I was impressed both with the comprehensive scope as well as the corresponding level of detail Perlroth brings to her prose. The account she provides serves as both an exposé as well as a cautionary tale; it is also a stark reminder that the United States is not always the role model we like to project to the rest of the world. For instance, the author traces the spread of the cyber arms trade – an invisible, classified and highly lucrative enterprise – to foreign actors including the United Arab Emirates and Saudi Arabia, where former National Security Agency hackers were contracted to hack American allies. I was surprised to learn that one of the targets of these hackers was Michelle Obama, the former first lady. Apparently her communications were captured by these former NSA agents. I don’t recall seeing that on the nightly news.
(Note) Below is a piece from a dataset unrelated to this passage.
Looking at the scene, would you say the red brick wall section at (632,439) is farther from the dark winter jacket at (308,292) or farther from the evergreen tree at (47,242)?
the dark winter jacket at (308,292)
Perlroth concludes “This Is How They Tell Me the World Ends” with a scathing indictment of how the last administration failed to take the growing cyberthreat seriously – and even eliminated the White House cybersecurity coordinator. When Donald Trump initiated what many consider to be an ill-advised and unnecessary trade war with China, he effectively nullified the Obama-Xi agreement to cease cyberattacks for industrial trade theft – an agreement that, by all accounts, both sides were honoring. The bottom line seems to be that we are much more vulnerable today than we were in 2016. Evidently you need to be able to understand a technological threat before you can mount an effective response.

Admittedly, this was a scary one. And although I realize a lot of readers are probably tired of scary, our fatigue shouldn’t negate the relevance of Perlroth’s work or make the reasons we should be on edge any less visceral. Highly recommended.

– Reviewed by Aaron W. Hughey, University Distinguished Professor, Department of Counseling and Student Affairs, Western Kentucky University.